Running, like other sports or artistic endeavors, is an avenue of virtue. You can’t make it out the door each day to train without discipline. You can’t tolerate the: most-sobering-bus-ride-of-your-life wait traveling from Boston to Hopkinton, without patience. You can’t pace yourself correctly without humility. Humility comes from the latin origin – Humus – which means ground. There’s actually a soil horizon named humus (As a soil judge I had always wondered what that meant and why, but just rolled with it). Through running, I practice humility by not biting off more than I can chew. Moment to moment in training I practice humility by checking in with myself asking: “Am I biting off more than I can chew?”. If you’re listening you’ll hear an answer. The action you take in response to that answer is the practice of discipline.

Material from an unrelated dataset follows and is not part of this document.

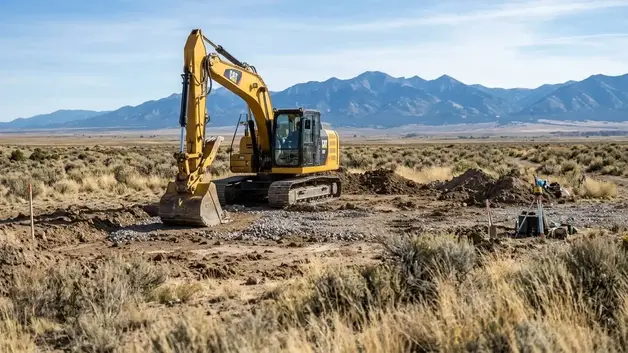 Yellow excavator preparing a potential rural homesite on open Costilla County acreage with an unpaved access track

I had never prepared for one day of performance more than I had for The 2025 Boston Marathon. After a thrilling 2:41:00 PR (11 min PR) in Richmond 5 months previous, I trained almost every day and averaged 7.5 miles/day for Dec 2024, 9.44 miles/day in January, 10.09 miles/day in February, and a personal record 11.52 miles/day in March, before a 2-week taper cutting training load in preparation for the race on April 21st. Some highlights of my training for Boston were a 20-mile threshold run at 6:11 avg mile pace and a 15 mile threshold run on the track at 5:53 avg mile pace the week after. The day following both of these runs I felt no soreness whatsoever, and given the context that these training runs were completed in the midst of the heaviest training of my life, I was delighted with how I responded to them. Based on these performances, I was excited for a fast race. I believed I could get below 2:40, and likely run around a 2:35.

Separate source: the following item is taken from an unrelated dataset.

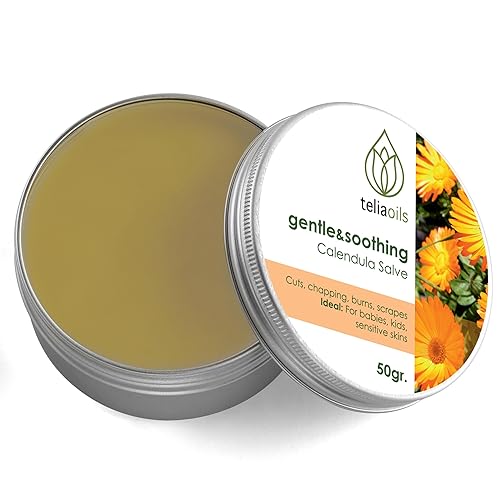 Miniatura 2 de Teliaoils Crema de caléndula (caléndula) para piel de bebé y uso facial. Crema de hierbas calmante para erupciones, piel irritada, piel seca y piel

I anticipated that the net negative downhill quality of the race would only serve to my advantage. I never seriously considered it could have as much of an effect on me as it did. On the same weekend last year, I ran the blue ridge marathon which has its claim to fame of being the most difficult marathon in America due to it’s outrageous 7500′ of elevation change. I remember having a late surge at around 20 miles after the course began to flatten out a bit. I could shift into 5th gear and finish really well. At Boston, after the initial 7ish miles and several hundred feet of elevation loss, I was looking around to find who had strapped me with ankle weights. I kept a strong consistent pace; however, as the race progressed, my uncertainty of a blazing fast PR grew in proportion to the size of those ankle weights.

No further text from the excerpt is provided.